• **Exercise instructions**
Reproduce word for word the lines between the one containing "أداء يومي انهيار" and the end of the entries below, both inclusive; leave out pictures.

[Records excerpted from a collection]
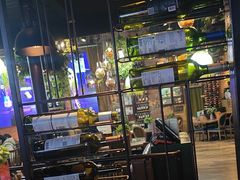 -临界音乐酒馆·小龙虾·江湖菜(华熙LIVE·鱼洞店)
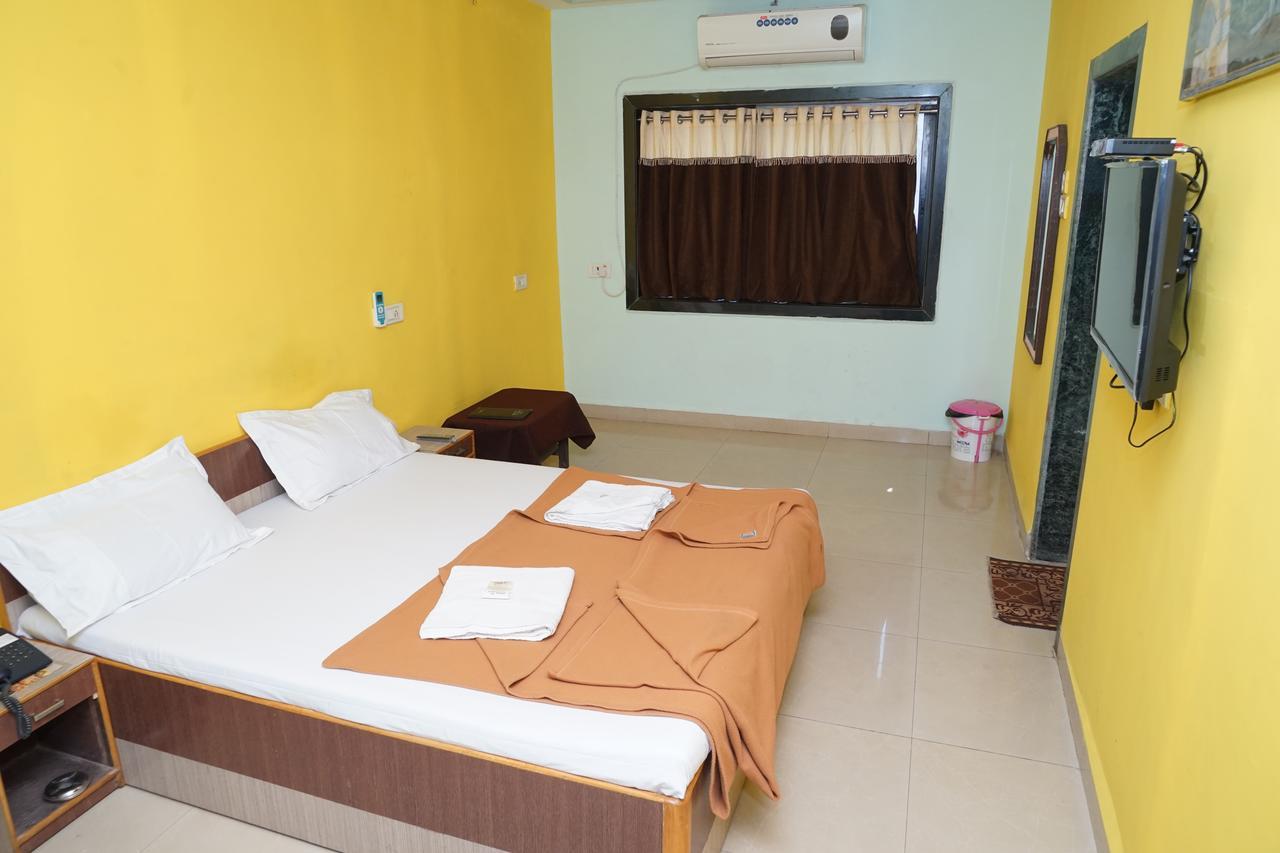Hotel Umesh Daman Exterior foto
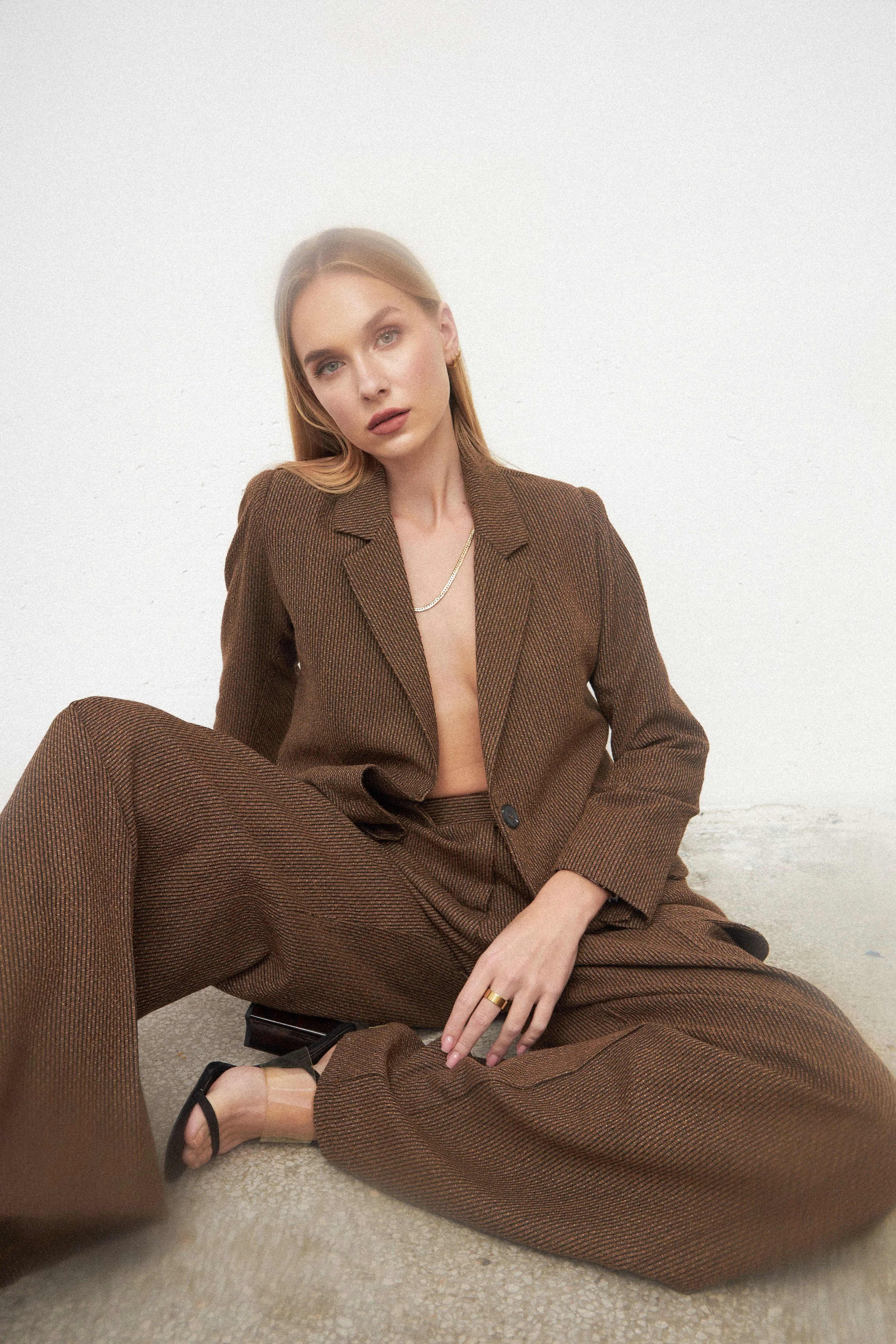 Profesyonel moda çekimi, kadın giyim katalog çekimi ve tekstil markaları için kreatif prodüksiyon.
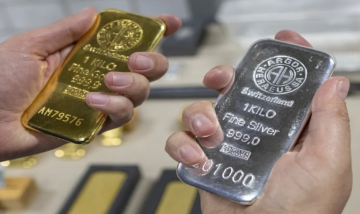 انهيار حاد في المعادن النفيسة.. الذهب يخسر 11 والفضة تسجل أسوأ أداء يومي انهيار حاد في المعادن النفيسة.. الذهب يخسر 11 والفضة تسجل أسوأ أداء يومي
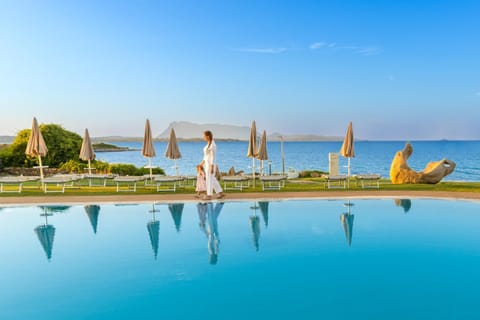 Property building, Sea view, Swimming pool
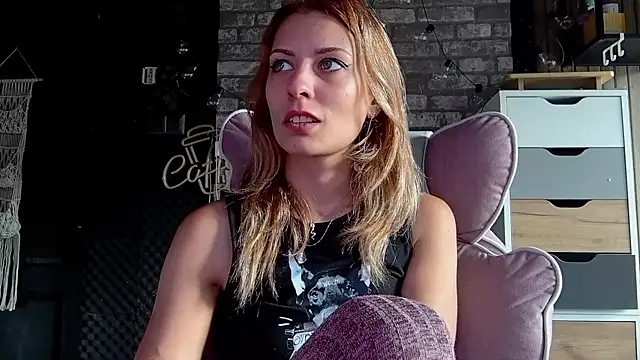 Snapshot of karo123421 chatting on 22, 7, 2026 karo123421 online show from 22, 7, 2026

• **Response to the task**
 انهيار حاد في المعادن النفيسة.. الذهب يخسر 11 والفضة تسجل أسوأ أداء يومي انهيار حاد في المعادن النفيسة.. الذهب يخسر 11 والفضة تسجل أسوأ أداء يومي
 Property building, Sea view, Swimming pool
 Snapshot of karo123421 chatting on 22, 7, 2026 karo123421 online show from 22, 7, 2026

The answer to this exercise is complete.